Posts Tagged ‘Richardson Grove’

Save Richardson Grove: Think Globally, Act Locally

Sunday, January 25th, 2015
By

Madrone Hugging Ancient RedwoodIf everyone cared for their own wild back yard, the world would be a better place. Northwest California is known for having some of the wildest lands, including the Lost Coast and the tallest trees on the planet, which have been preserved behind the redwood curtain since time immemorial. With less than three percent of the planet’s old growth redwood trees remaining, it is imperative that every ancient tree is protected, especially if they are entrusted into a park system, which has vowed to protect them in perpetuity.

Since 2007, EPIC has been working to protect some of the most well-known giant redwoods in the world from the California Department of Transportation’s destructive highway-widening project. A grass roots coalition of community members, business owners, economists, conservation and Native American groups have opposed the Richardson Grove Operational Improvement Project, which proposed tree removal and destruction of the root systems of ancient redwood trees in Richardson Grove State Park – trees that are supposed to be protected by the state park system.
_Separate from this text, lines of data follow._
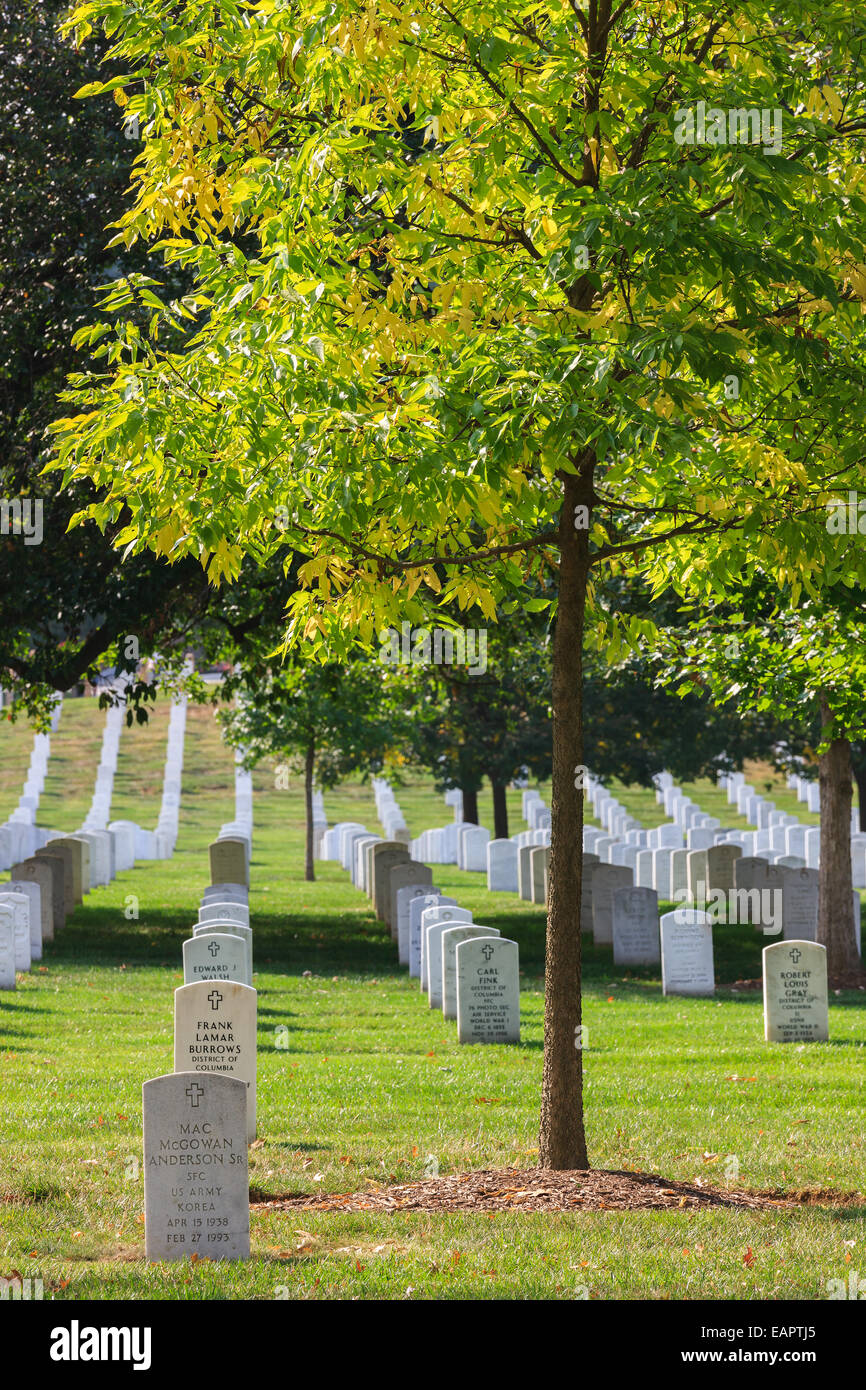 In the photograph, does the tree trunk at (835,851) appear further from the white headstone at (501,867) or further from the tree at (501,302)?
Answer: the white headstone at (501,867)

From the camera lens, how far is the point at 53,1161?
27.1 feet

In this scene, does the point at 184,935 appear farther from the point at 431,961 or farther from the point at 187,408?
the point at 187,408

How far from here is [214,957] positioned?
11695mm

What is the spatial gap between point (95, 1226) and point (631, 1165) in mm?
3231

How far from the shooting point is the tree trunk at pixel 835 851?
704 inches

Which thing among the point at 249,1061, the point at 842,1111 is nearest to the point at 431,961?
the point at 842,1111

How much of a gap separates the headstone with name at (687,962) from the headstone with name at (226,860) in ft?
33.9

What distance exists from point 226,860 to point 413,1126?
53.3 ft

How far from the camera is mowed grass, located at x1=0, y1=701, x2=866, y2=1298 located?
6219 mm

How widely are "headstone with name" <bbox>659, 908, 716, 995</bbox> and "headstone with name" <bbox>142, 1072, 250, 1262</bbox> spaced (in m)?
10.9

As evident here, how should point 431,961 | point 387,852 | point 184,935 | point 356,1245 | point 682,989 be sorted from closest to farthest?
point 356,1245 < point 431,961 < point 682,989 < point 184,935 < point 387,852

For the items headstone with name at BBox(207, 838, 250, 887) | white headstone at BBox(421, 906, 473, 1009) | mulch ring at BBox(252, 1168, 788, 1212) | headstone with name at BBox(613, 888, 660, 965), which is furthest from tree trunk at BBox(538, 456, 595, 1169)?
headstone with name at BBox(207, 838, 250, 887)
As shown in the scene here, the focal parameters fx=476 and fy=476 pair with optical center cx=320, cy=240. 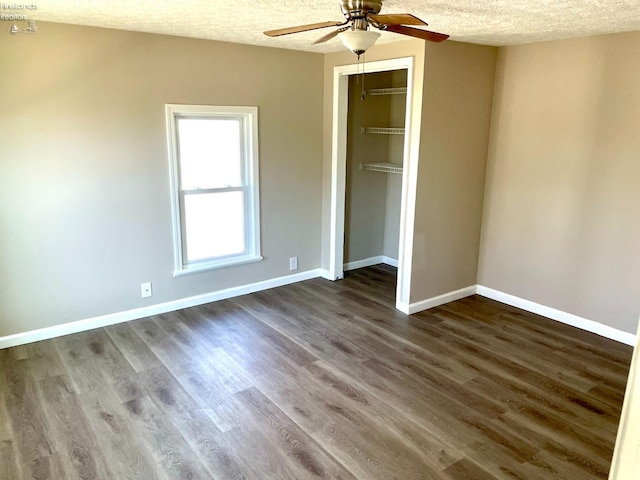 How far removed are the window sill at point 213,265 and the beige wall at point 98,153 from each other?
7 centimetres

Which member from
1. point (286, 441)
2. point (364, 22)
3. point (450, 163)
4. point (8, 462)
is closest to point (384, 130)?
point (450, 163)

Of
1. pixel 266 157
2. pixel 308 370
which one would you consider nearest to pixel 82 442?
pixel 308 370

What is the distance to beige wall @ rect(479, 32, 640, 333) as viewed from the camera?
358 cm

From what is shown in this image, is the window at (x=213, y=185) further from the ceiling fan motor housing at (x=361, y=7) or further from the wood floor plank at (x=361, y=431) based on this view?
the ceiling fan motor housing at (x=361, y=7)

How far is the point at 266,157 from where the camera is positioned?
4477 millimetres

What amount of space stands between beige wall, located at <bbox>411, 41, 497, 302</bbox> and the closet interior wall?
113 cm

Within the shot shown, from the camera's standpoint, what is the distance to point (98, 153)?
11.8 feet

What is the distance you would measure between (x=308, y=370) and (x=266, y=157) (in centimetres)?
210

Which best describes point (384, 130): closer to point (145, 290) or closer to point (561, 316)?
point (561, 316)

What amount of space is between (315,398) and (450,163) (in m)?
2.34

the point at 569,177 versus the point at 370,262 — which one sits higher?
the point at 569,177

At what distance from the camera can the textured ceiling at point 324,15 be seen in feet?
8.68

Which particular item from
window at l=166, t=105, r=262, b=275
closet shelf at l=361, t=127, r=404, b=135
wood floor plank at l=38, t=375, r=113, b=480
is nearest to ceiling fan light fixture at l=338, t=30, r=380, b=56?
window at l=166, t=105, r=262, b=275

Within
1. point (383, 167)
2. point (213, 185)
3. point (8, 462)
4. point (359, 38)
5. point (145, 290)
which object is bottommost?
point (8, 462) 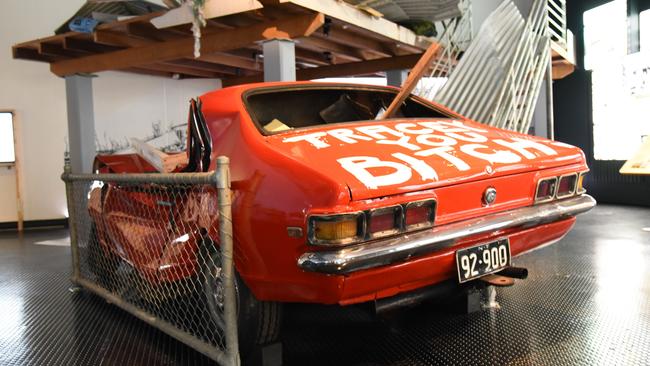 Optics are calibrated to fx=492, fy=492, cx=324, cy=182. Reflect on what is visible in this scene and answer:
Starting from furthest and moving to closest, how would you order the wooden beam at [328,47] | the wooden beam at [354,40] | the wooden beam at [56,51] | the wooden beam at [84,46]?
1. the wooden beam at [56,51]
2. the wooden beam at [84,46]
3. the wooden beam at [328,47]
4. the wooden beam at [354,40]

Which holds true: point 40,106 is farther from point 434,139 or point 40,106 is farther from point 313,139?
point 434,139

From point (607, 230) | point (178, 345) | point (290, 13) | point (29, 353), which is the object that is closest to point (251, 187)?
point (178, 345)

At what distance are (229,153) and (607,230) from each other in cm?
517

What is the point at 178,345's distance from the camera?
259 cm

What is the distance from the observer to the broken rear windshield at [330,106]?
3.03 metres

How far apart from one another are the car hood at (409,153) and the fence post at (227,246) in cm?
24

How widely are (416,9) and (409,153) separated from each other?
16.7ft

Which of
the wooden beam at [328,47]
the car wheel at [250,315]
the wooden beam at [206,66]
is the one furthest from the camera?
the wooden beam at [206,66]

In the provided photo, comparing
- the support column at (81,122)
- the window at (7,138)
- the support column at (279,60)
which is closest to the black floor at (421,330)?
the support column at (279,60)

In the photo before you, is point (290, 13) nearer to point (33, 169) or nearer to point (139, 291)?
point (139, 291)

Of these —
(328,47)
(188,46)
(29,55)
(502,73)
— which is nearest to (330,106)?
(188,46)

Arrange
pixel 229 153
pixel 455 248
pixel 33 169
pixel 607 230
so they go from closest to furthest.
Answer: pixel 455 248, pixel 229 153, pixel 607 230, pixel 33 169

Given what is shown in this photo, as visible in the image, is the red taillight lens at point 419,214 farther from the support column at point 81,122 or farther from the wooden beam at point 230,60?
the support column at point 81,122

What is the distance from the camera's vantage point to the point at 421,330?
264cm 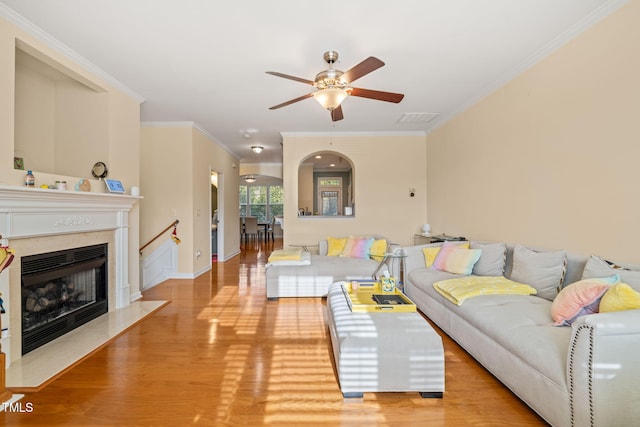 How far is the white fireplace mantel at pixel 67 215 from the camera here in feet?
7.43

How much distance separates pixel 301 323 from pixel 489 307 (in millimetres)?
1796

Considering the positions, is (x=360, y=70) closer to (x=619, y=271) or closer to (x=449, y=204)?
(x=619, y=271)

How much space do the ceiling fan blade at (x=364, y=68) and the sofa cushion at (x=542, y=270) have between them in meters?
2.15

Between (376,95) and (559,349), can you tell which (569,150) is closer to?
(376,95)

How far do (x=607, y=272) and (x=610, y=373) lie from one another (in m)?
0.95

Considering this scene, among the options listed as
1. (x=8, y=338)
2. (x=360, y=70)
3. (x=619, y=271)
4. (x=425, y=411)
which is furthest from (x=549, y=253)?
(x=8, y=338)

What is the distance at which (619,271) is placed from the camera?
A: 197 cm

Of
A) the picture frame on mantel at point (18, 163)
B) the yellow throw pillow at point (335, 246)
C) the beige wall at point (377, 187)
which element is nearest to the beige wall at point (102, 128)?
the picture frame on mantel at point (18, 163)

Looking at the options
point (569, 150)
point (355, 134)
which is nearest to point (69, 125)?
point (355, 134)

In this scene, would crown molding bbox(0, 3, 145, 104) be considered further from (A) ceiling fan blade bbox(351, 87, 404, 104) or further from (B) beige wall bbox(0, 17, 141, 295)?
(A) ceiling fan blade bbox(351, 87, 404, 104)

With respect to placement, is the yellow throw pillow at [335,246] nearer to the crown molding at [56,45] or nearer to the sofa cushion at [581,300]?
the sofa cushion at [581,300]

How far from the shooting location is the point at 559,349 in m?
1.61

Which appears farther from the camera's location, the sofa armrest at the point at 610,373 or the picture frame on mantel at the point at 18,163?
the picture frame on mantel at the point at 18,163

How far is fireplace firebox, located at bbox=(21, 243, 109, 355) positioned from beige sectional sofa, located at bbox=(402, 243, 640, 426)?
3.60m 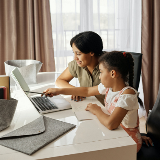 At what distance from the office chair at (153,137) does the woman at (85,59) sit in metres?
0.43

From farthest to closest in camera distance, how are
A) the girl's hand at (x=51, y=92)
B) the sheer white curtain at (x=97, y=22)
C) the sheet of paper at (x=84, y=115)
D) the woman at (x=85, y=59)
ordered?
the sheer white curtain at (x=97, y=22) < the woman at (x=85, y=59) < the girl's hand at (x=51, y=92) < the sheet of paper at (x=84, y=115)

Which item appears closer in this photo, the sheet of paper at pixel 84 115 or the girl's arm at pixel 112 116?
the girl's arm at pixel 112 116

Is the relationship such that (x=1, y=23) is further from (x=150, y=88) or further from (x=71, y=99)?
(x=150, y=88)

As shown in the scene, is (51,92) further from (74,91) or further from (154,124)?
(154,124)

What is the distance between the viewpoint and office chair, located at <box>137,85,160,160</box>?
1.08 meters

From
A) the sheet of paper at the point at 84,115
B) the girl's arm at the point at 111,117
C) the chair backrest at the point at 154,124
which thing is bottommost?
the chair backrest at the point at 154,124

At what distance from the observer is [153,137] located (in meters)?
1.22

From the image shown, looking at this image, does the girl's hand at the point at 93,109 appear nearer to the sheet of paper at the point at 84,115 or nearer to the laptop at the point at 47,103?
the sheet of paper at the point at 84,115

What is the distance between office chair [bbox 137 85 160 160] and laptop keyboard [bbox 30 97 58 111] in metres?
0.53

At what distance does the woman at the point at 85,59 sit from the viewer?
1.55 m

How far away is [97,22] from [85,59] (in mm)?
1277

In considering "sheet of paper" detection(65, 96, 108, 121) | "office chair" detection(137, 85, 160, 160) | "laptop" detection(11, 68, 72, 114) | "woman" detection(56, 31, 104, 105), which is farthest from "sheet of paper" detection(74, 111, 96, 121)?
"woman" detection(56, 31, 104, 105)

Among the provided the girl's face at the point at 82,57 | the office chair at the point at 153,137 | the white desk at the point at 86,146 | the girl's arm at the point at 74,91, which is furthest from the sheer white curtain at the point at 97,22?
the white desk at the point at 86,146

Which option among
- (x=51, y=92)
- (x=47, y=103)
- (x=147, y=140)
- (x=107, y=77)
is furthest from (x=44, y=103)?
(x=147, y=140) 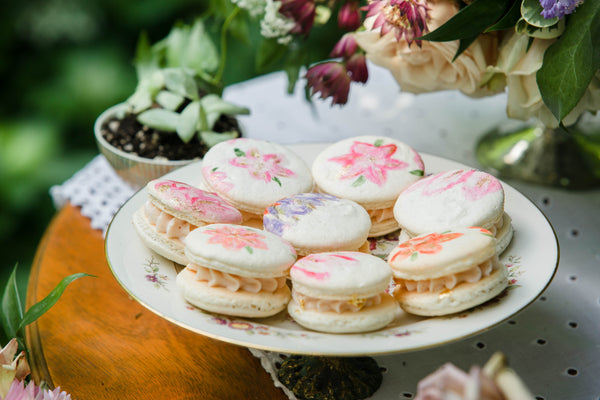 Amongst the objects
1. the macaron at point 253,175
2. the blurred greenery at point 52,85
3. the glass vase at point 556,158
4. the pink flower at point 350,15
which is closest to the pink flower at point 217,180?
the macaron at point 253,175

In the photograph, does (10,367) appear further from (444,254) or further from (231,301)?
(444,254)

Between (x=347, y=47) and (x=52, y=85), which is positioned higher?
(x=347, y=47)

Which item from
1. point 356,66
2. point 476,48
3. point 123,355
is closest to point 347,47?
point 356,66

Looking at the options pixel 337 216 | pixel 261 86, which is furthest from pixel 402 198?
pixel 261 86

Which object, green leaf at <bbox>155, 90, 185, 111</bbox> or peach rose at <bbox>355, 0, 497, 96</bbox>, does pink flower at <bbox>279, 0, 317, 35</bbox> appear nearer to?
peach rose at <bbox>355, 0, 497, 96</bbox>

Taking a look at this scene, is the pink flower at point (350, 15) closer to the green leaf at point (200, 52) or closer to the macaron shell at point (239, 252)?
the green leaf at point (200, 52)

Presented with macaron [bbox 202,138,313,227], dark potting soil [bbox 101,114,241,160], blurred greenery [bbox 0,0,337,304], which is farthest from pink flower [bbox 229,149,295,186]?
blurred greenery [bbox 0,0,337,304]

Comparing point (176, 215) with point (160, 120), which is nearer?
point (176, 215)

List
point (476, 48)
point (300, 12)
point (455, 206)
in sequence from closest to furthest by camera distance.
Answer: point (455, 206) → point (476, 48) → point (300, 12) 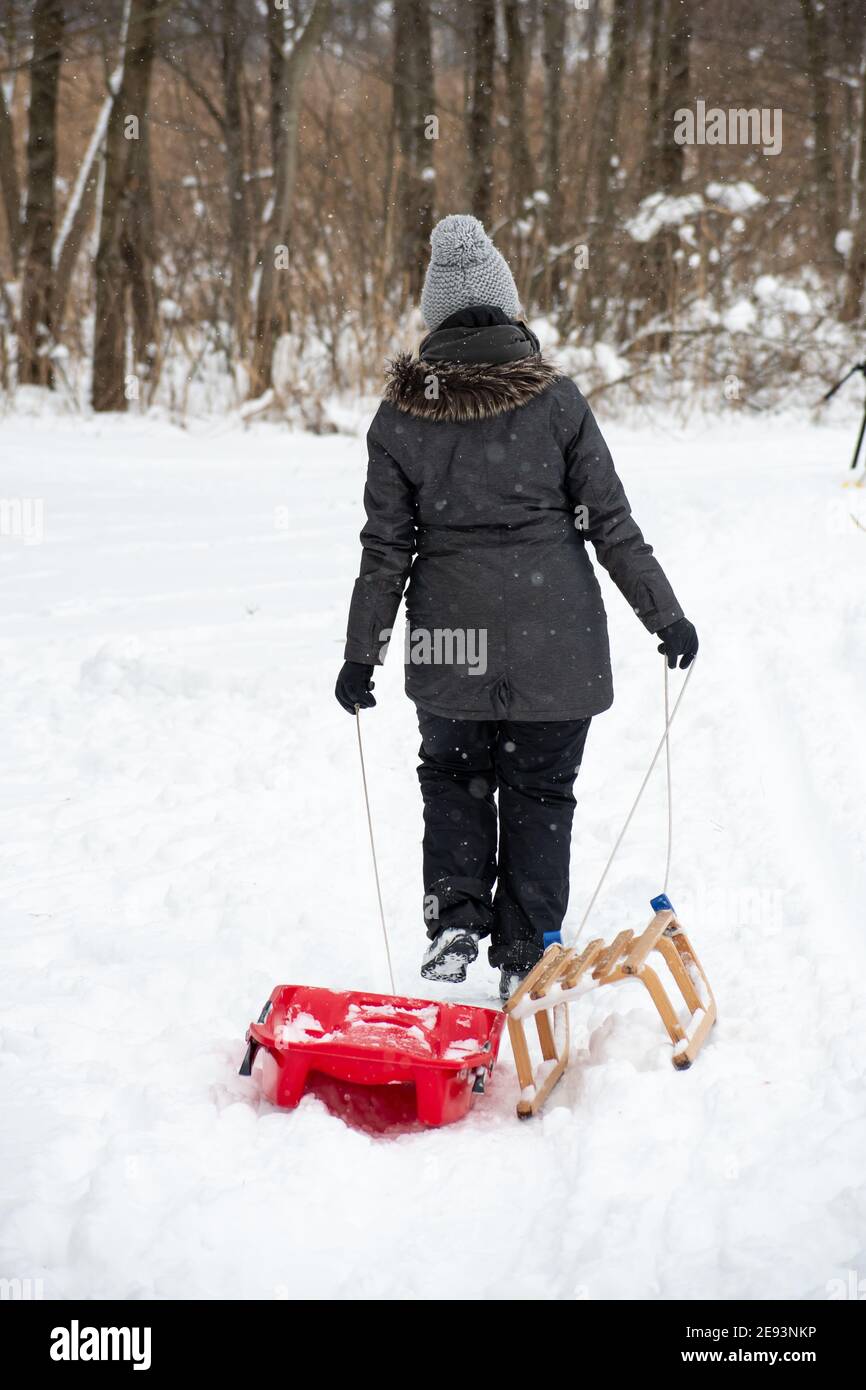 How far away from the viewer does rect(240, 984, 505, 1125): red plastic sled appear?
98.1 inches

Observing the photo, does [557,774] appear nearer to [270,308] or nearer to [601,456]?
[601,456]

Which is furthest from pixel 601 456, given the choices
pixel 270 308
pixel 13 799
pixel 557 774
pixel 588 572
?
pixel 270 308

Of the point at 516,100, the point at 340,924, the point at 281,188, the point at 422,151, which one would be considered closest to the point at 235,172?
the point at 281,188

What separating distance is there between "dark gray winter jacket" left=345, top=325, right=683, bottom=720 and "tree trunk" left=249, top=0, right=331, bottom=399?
27.7 ft

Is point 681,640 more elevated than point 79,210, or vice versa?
point 79,210

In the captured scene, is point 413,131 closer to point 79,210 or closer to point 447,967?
point 79,210

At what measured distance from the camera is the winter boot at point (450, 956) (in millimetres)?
3088

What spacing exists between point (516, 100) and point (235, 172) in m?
4.10

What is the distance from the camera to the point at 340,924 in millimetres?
3533

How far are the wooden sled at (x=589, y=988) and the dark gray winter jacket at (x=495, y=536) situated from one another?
0.57 m

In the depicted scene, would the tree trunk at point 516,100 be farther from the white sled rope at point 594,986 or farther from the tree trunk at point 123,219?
the white sled rope at point 594,986

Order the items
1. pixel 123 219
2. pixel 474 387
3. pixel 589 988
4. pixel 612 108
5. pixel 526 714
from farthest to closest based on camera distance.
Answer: pixel 612 108, pixel 123 219, pixel 526 714, pixel 474 387, pixel 589 988

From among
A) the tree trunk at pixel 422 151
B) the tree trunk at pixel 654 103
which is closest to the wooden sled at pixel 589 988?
A: the tree trunk at pixel 422 151

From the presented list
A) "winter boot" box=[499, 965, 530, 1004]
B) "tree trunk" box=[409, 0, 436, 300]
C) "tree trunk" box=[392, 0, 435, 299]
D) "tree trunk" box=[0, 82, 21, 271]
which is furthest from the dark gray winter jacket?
"tree trunk" box=[0, 82, 21, 271] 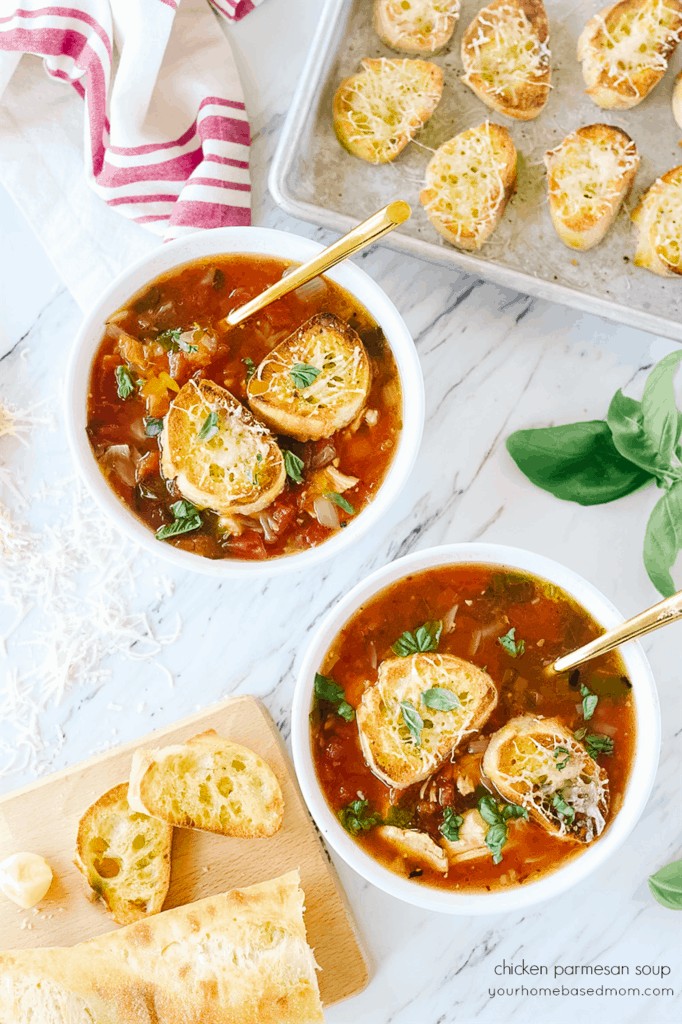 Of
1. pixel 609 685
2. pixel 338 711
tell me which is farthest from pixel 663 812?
pixel 338 711

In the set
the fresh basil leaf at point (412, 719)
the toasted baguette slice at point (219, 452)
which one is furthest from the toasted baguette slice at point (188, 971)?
the toasted baguette slice at point (219, 452)

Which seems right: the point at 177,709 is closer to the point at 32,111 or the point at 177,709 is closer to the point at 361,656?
the point at 361,656

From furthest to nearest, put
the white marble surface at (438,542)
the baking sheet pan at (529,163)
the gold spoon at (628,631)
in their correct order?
the white marble surface at (438,542)
the baking sheet pan at (529,163)
the gold spoon at (628,631)

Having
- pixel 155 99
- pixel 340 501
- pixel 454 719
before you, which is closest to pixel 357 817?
pixel 454 719

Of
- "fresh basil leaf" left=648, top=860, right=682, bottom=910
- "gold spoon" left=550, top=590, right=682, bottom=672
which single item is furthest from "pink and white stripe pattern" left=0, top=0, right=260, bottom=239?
"fresh basil leaf" left=648, top=860, right=682, bottom=910

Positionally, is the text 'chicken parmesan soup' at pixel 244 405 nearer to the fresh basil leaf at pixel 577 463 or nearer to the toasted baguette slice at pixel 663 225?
the fresh basil leaf at pixel 577 463

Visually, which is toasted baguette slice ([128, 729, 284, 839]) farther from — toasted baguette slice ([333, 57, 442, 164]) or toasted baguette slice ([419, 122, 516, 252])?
toasted baguette slice ([333, 57, 442, 164]) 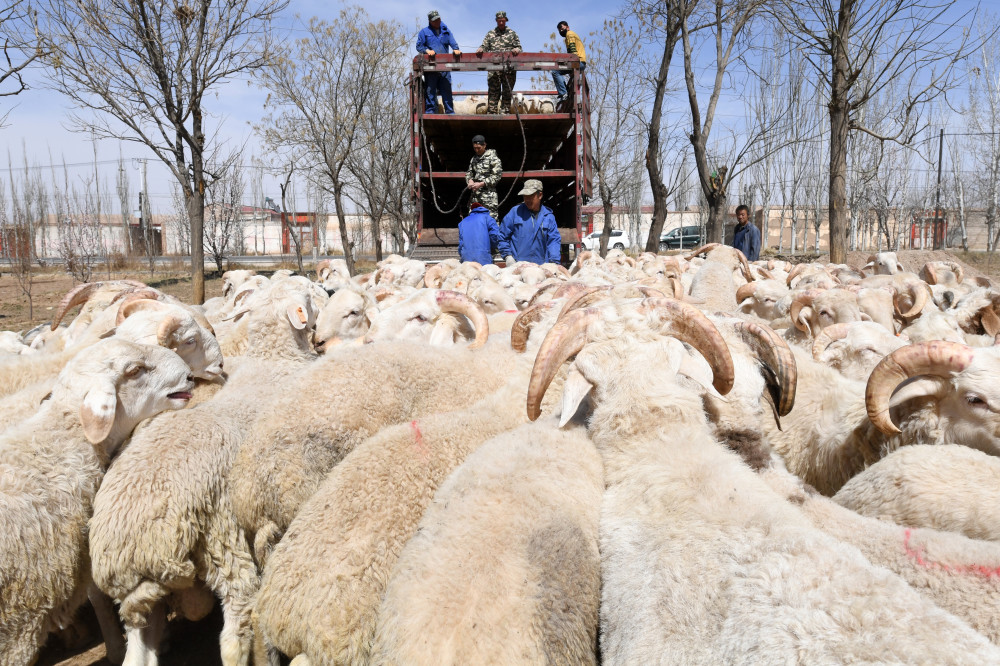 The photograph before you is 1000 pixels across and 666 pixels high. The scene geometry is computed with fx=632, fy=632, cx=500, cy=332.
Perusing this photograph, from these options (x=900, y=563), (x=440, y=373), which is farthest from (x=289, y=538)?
(x=900, y=563)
Richardson Grove is the first cluster of old-growth redwoods people see as they head up the coast on Highway 101, it is essentially the “redwood curtain” that has allowed Humboldt County to retain its rural character. The redwoods in Richardson Grove also serve as critical habitat for Marbled Murrelets, Northern Spotted Owls and streams going through the Grove are critical habitat for endangered Coho Salmon. Maintaining the integrity of these trees is incredibly important not only to the ecosystem, but to the community, since these trees are the pinch point that do not allow for larger trucks serving corporate chains that are characteristic of sprawling urban areas, and which many people feel would change the essential character of Humboldt County.

For eight years EPIC and allies have organized community support, provided comments, and filed substantive lawsuits that convinced a federal judge to grant an injunction halting the Richardson Grove project citing that the agency had been “arbitrary and capricious” in its use of what the court called “faulty data.” This past December Caltrans revoked its approval of the project. If the agency decides to pursue the project, a complete and comprehensive environmental review and approval process will have to start over. This is a victory, we can all breathe a sigh of relief and rest assured that the trees in Richardson Grove State Park will not be harmed for now.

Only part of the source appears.